That is still the normal quoted untreated duration of life available for a person newly treated with, newly diagnosed with pulmonary hypertension. The change 3-5 years into 10, 15, 20 years is extraordinary. We believe there is a new paradigm that has formed here, which is you use Remodulin aggressively to bring the pulmonary artery pressures down under 40 mm of mercury and then transition the patient over to a Orenitram, it's a pill that can be orally titrated to the equivalent dose, and that patient should be able to enjoy a much longer lifespan. That's the second big driver of our growth in the next few years.

In fact, we just reported results of one study related to this called the EXPEDITE study, and we have another study called the ARTISAN study, which is trying to scientifically prove these results further. Now, there are three different types of oral prostacyclins that one might consider transitioning a parenteral to oral patient to, once you get their pressures under 40 mm of mercury. One is our Orenitram. You see it in the left column that I've been talking about. The next is Selexipag, also known as Uptravi. It's not really a prostacyclin drug, but it's a prostacyclin-like drug. That's a product of Johnson & Johnson. The third one is a product which is one of the highlights of our pipeline, Ralinepag. You see here there's some very unique features of Ralinepag.

It only needs to be dosed once a day instead of twice or three times a day. Yet there is no set dose ceiling, unlike Selexipag, which has to be dosed twice a day. It is in a unique sweet spot for a pill. Once a day, no preset dose ceiling, and the patient can be told, "Look, the bad news is you've got pulmonary hypertension. The good news is that we've got a bridge to get you from where you are to a place that you can live a normal expected period of life. It's gonna be a little bit tough getting there.

The bridge is gonna be a little bit rocky because it's a parenteral treatment, but it should not last more than hopefully six to 12 months, and then we'll get you on one pill a day if our Ralinepag results turn out to be successful. We're enrolling this study right now. It's actually over half enrolled, and we should be able to have the results of that study in under a couple years and then hopefully have a morbidity and mortality result, which is the best in class for pulmonary hypertension. I've talked quite a bit, I know, about pulmonary hypertension, and some of you are probably really wondering, you know, where does pulmonary fibrosis come into this?
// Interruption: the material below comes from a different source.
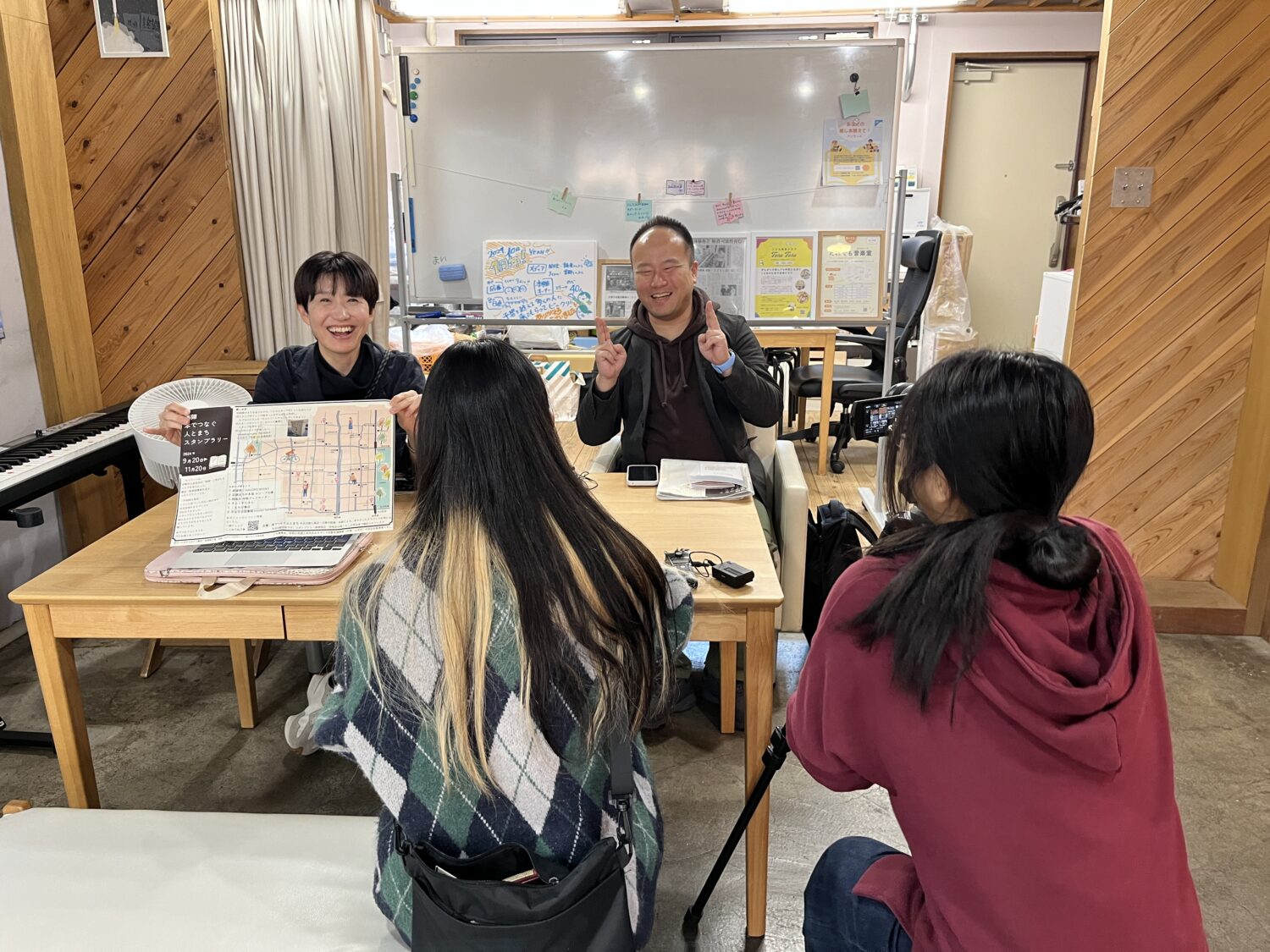 國定さん（左）と新山さん（右）。
大学の授業でインタビューを学ぶ大谷大学の学生さんと日にちを合わせてお話を伺いました。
While there are some patients who have pulmonary hypertension as a consequence of pulmonary fibrosis, there are many, many more patients who have pulmonary fibrosis without pulmonary hypertension. It, like pulmonary hypertension, is a fatal chronic disease that strikes many people in the prime of their life. Now, we believe at United Therapeutics that while our pipeline of products that I just got done describing can grow our pulmonary hypertension business to more than twice its current size, which you see there in the red circles. You see the current level of pulmonary hypertension. Our business book there is about $2 billion a year. We think that the products in our pipeline, just for pulmonary hypertension and continued growth of products like Tyvaso DPI for pulmonary hypertension, can grow that revenue base to well over $4 billion.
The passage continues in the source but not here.